If she did not love him, loved him for three years now, she would never listen to the diatribe that she knew lessened a little of his pain.

Chuck scoffed. He nodded towards Nathaniel's retreating form. "He is an attractive man. I see the queen's maids aflutter over Archibald."

"The queen's maids have always been aflutter over Lord Archibald," she answered. They made their way towards their rooms, and Blair forced herself to slow her pace lest she seem overeager. Truly, as he spent hours upon hours closeted with the king's council, speaking of goodness which alliances and wars, all she could think of was spending hours upon hours having her husband do to her what husbands did to make wives blush. She had waited so long, only listening to the queen's maids speak of the thrill, listening to Anne regale her of the fun she had with the most powerful man in England. It was her turn now. And she would have her way.

When they reached the corridor of Chuck's room—their chambers, she still trained herself to think—he stopped her. And asked—something in his eyes made her realize he had been holding to the question for some time—"When you could have had Archibald, do you regret wedding an aging, sickly man?"

She looked at him in surprise. "You knew that Jack was ill?"

And as they walked he bent low and admitted to her, "Learned it from Humphrey. And I know now you have never lain with him."

Her steps lost rhythm. "Is that why you—Is that—You felt I was acceptable since your uncle never touched me?" Her voice rose.
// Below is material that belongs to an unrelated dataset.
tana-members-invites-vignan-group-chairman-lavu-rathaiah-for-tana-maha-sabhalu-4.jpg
They hurried out of the gathering and towards the empty corridors.

"You should have told me."

"My worth is more than my chastity, Chuck," she reminded him.
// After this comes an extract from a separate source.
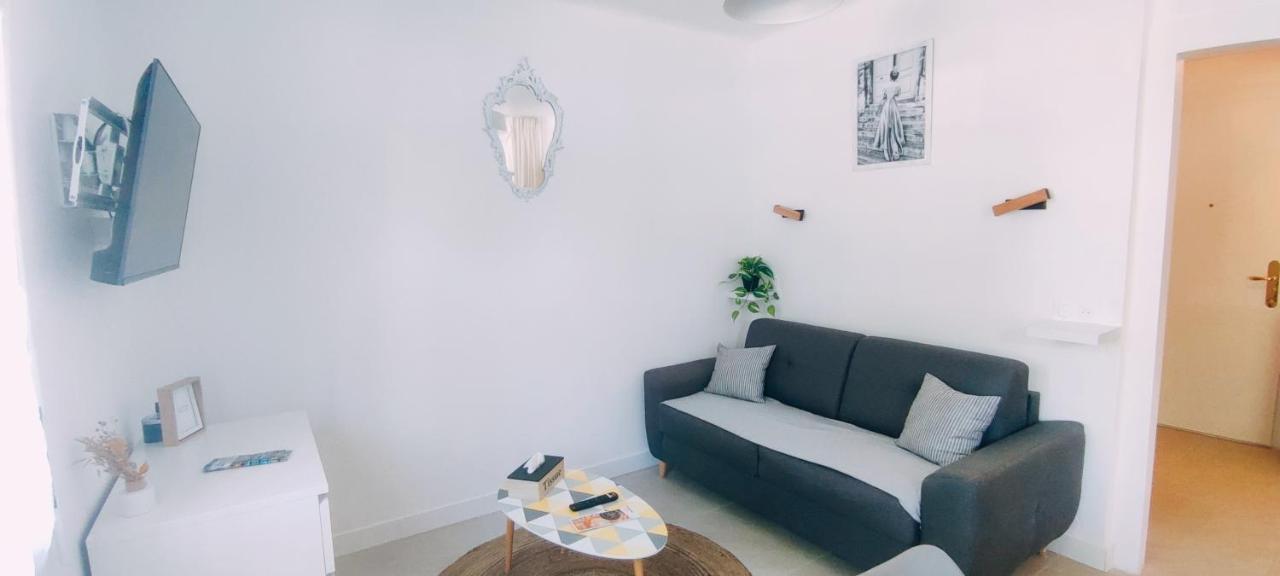 Apartamento Le Studio Des Tours - Parking Arlés Exterior foto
"Lord Archibald certainly disagrees with that!" he retorted.

"There was a time when I thought you were different from him!" she returned. "And here you are—"

"That is rich!" He muttered and she could swear he was swearing under his breath. It was appalling, and she certainly could think of no reason that she deserved this. And then, well certainly, Chuck Bass would hand her the reason. "You swore you would wait," he said in a hushed whisper. His hand gripped her arm tightly she was afraid it would bruise his fingerprints. And it did not seem as if he knew what force he used. "And you answered me not once. You found another way, an easier choice. Are you ashamed to admit it? Do you regret wedding a sickly man when you could have had a virile young one such as that?"

Answers. He waited for answers? "To what?" she whispered.

"You were the one who broke your vow, Blair." Her brows furrowed. "Tell me, Blair, how long I should wait until you break another one. I am wound tight awaiting the day."

"You insist on finding fault with me!"

"Because I know you were forced to marry me."

She stared at him, her mouth agape. Blair glanced up and down the corridor, and finding them alone, her voice dropped and she asked, "Did I feel as if I wished to be elsewhere than your bed last night, my lord? Was I ever less than overjoyed?" She cupped his face with both of her hands, and forced his gaze to her.

His forehead fell on hers, and he took a few deep breaths, just as he did when he expelled his seed in her and fought to catch his breath.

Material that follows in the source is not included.